Si vous ne trouvez pas ma marche
biblique, veuillez me dire en quoi elle
pèche. Quant à moi, je vois de grands
inconvénients à introduire la marche
non biblique d'accorder ou de refuser la
Cène. C'est le vrai moyen d'introduire
toutes sortes d'idées fausses et
relâchées, en présentant les
chrétiens comme réunis autour de la
Cène, ce que l'Écriture n'a jamais
fait, au lieu de les représenter comme
étant réunis autour de
Jésus-Christ et de sa Parole, sous la
direction du saint-Esprit.
Voici, cher frère, par rapport au
ministère, quelques principes qui me
paraissent, je ne dirai pas incontestables, car un
conteste tout, mais certains d'après la
Parole.
1° Tout ministère suppose un
don de Dieu, qui précède la
reconnaissance ou l'établissement de ce
même ministère.
2° Il est des ministères,
tel que celui de prophète, supposant
l'inspiration, dont on juge, mais qu'on
n'établit pas, parce que personne ne peut
régler l'inspiration et établir un
homme pour prophétiser, à moins que
Dieu n'ait dit comme a Elie Tu oindras un tel pour
te remplacer.
3° Quant aux ministères qui
supposent non l'inspiration, mais des dons ou des
qualités, ils doivent être reconnus et
établis, soit par nomination de
l'église, soit par imposition des mains
d'autres ministères : témoin
l'élection d'un apôtre
Acte I, celle des diacres chap.
VI, et l'établissement des
anciens par les apôtres
(Acte XIV, 23).

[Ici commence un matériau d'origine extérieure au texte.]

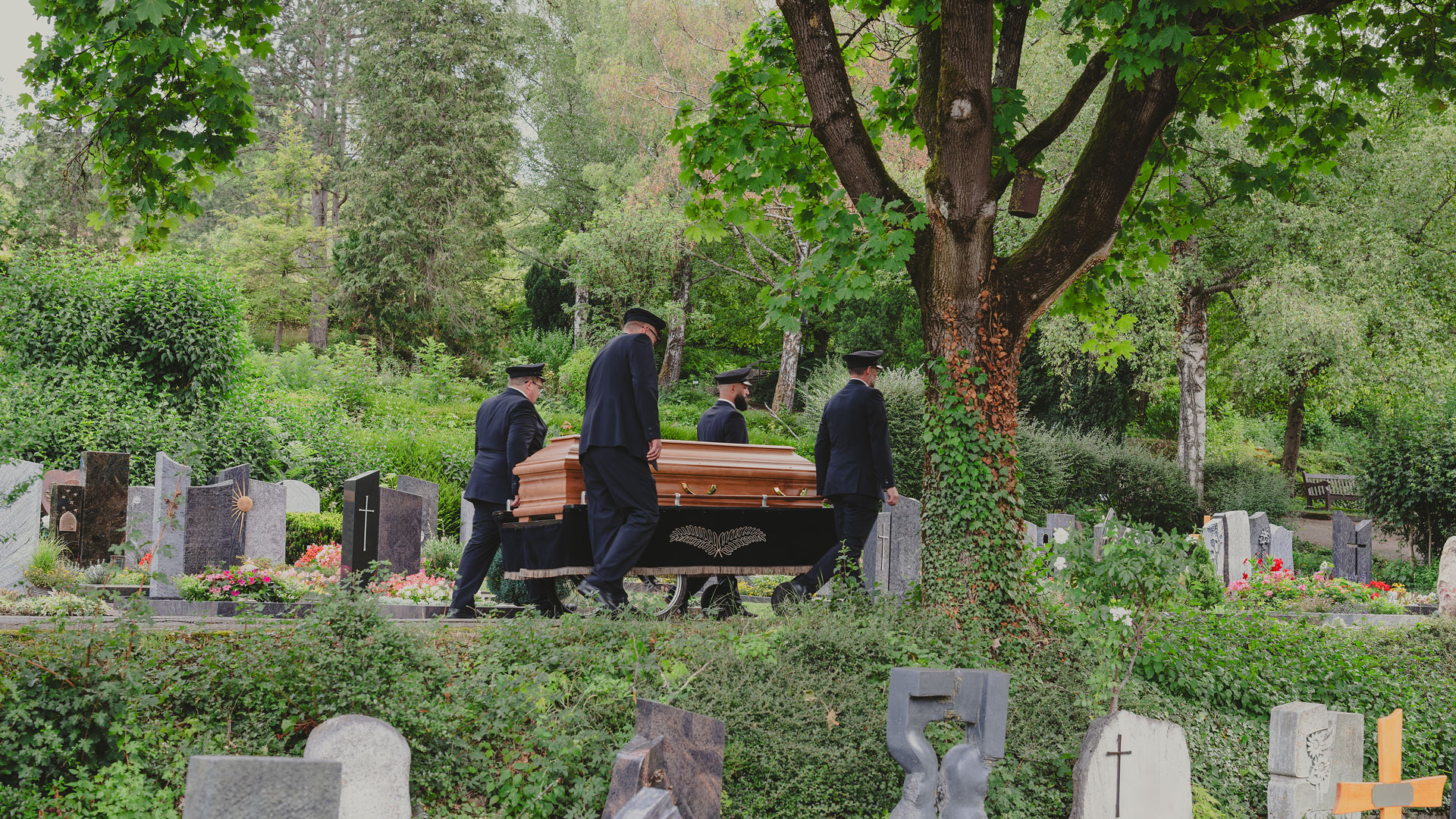 Vier Sargträger von Dietrich Bestattungen geleiten einen Holzsarg auf einem Sargwagen über den Friedhof Schorndorf.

Voyez aussi les
épîtres à
Timothée et à
Tite, et en particulier
1 Tim. IV, 14.
4° Je pense que les dons se
manifestent dans l'Eglise avant
l'établissement, et que c'est
précisément cette manifestation qui
détermine le choix et
l'établissement. Toutefois, je crois que le
ministère doit être reconnu et
régularisé par
l'établissement, et que l'imposition des
mains donne tout au moins le plein droit de porter
le titre de la part de Dieu, et je suis fort
porté à croire, d'après
2 Tim. I, 6, qu'elle augmente le
don.
Je crois qu'en effet on a abusé
des ministères dans l'Église
nationale, où l'on suppose. souvent que la
consécration donne les dons des
ministères au lieu de les reconnaître.
Si cette fausse doctrine n'est pas admise en
système, elle l'est au moins de fait par le
grand nombre. Outre cet abus, il y a encore celui
de croire qu'un homme ne peut pas cesser
d'être ministre, lors même que les dons
cesseraient. Puis il y a l'erreur de croire que les
ministres sont l'Eglise ; de leur donner une
autorité sans contrôle ou
à-peu-près, de la part des
frères ; et enfin d'en faire des
espèces de sacrificateurs qui s'interposent
entre Dieu et les âmes.
Mais en voulant redresser ces abus,
prenons garde de ne passer nulle part la borne de
l'autre côté. Serait-ce faire honneur
au saint-Esprit et rendre son action plus libre que
de décrier les ministères qu'Il a
établis, et par lesquels Il agit
(Rom. XII) ? Souvenons-nous que
l'orgueil de l'homme peut passer d'une
manifestation sous forme de ministère,
à une manifestation sous forme
d'anti-ministère.
Quand vous dites que le ministère
précède l'Eglise, je crois que vous
généralisez trop la chose. D'abord,
il est des cas où une Église se forme
par le réveil que Dieu opère par le
moyen d'un chrétien pieux, qui n'a aucun don
de ministère, et qui, lorsque l'Eglise est
formée, ne manifeste aucun don particulier.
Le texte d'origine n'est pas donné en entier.